If Roth's ideas were based on psychological experimental and psychotherapy of phobia and those ideas inspired Dauntless, I think Roth did it quite great. I don't think that courage of Dauntless is something stupid. Each training has its own reasons. To be brave, one must be trained to confront many patterns of fear. Before we could be brave to protect others, we have to be brave against our own fear, so Dauntless had to train both physically and mentally.
The problem started at this point. Because I don't like to read action scenes or fighting scenes (very strange for one who also like Wuxia genre, I daresay). The book focus on Tris training to be a member of Dauntless faction, which took place around a half of the book. Certainly it was full of fighting scenes, action scenes which appeal most of reader but make me bored instead. Well, I have no problem for action scene if it help makes story progress. I didn't mean the scene that make the story move forward, but the one that make the story reach to the point or to the conflict of the story. For this book, I think those action scene is too long for story progression.
The next problem is labeling this book as dystopia.
From the writer's interview on the back of this book (My version, the Thai version) Roth said that she wrote this world like her Utopia, however, it's couldn't be that ideal, which is no surprised. Dystopian world, in my opinion, must contains some backgrounds base from our society, some aspects or events that has a tendency to distort our society and make it corrupted. The story has to accentuate that point to drive the story in a manner of social commentary. However, to divide people into factions based on the virtue you worship... well... I don't think normal people would worship only one virtue and neglect others. Mostly we worship many of them and each society has different approaching to practice those virtue. At the end, what virtue to be worshiped, which methods used to approach it, the authority is the one who decided.

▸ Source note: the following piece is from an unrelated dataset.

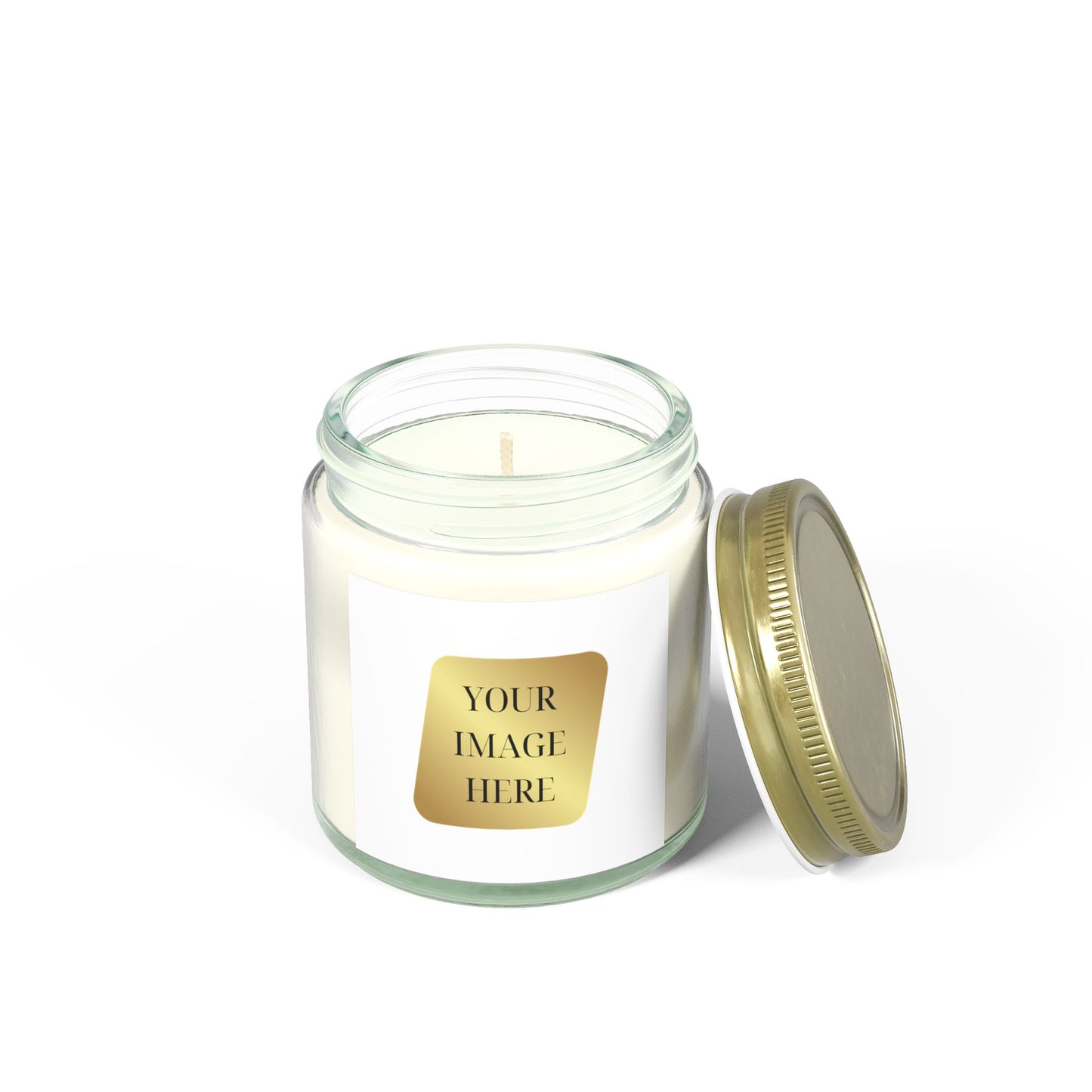Scented Candles, Coconut Apricot Wax (4oz, 9oz)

For me, this book is an action-adventure novel, told us a story about power struggling between faction on the world that seemingly a dystopia. If you try to find any meaning of dystopia from this book, you would be disappointed. If you just read for entertaining, this book is a big okay. And due to the interview I mentioned, Roth didn't design it to be a dystopia from the start *me laughing*. The problem is just how publisher marketed this book.

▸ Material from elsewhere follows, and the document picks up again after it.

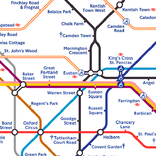 Tube Map: London Underground (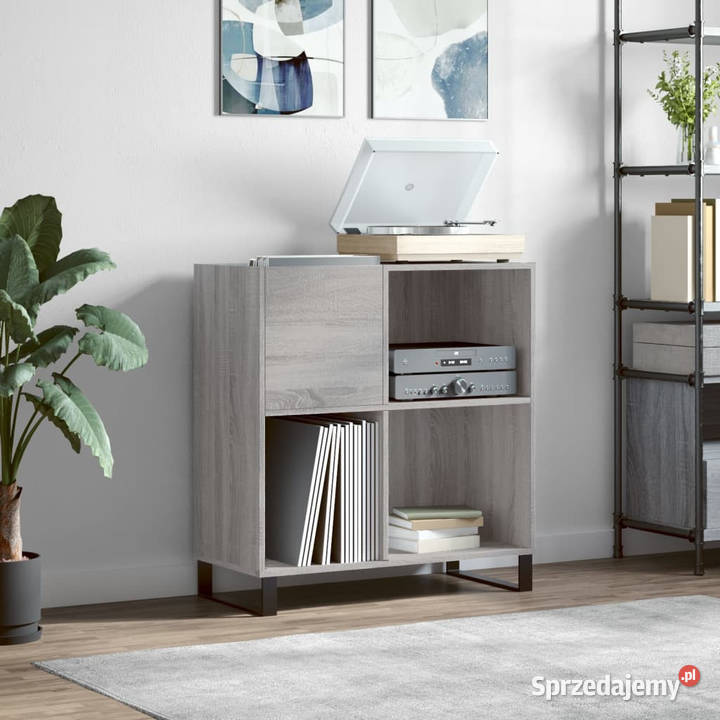 Szafka na płyty szary dąb sonoma 845x38x89 Warszawa sprzedam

The writing, I guess from the translation, is easy to read and quite clear. I hope the original script is as beautiful as I believed.

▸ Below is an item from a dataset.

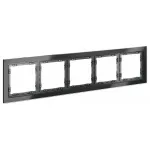 Рамка на 5 постов Voltum S70 VLS110507 от ImperiumLoft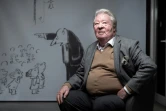 Le dessinateur français Jean-Jacques Sempé, le 6 novembre 2019 à Rueil-Malmaison, près de Paris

Tris, the main protagonist, has something in her that make me related with. She wasn't good in everything, but smart and surviving. Tobias is quite interesting, though I know from the start that which faction he came from. Too bad, I didn't feel much chemistry between them.
The ending is cliffhanger. If I finished it and really like it, I might instantly go to the bookstore now and buy the sequel. But I didn't like it that much. And since people said that the last book ended unpleasantly, I think I would rather read spoiler instead.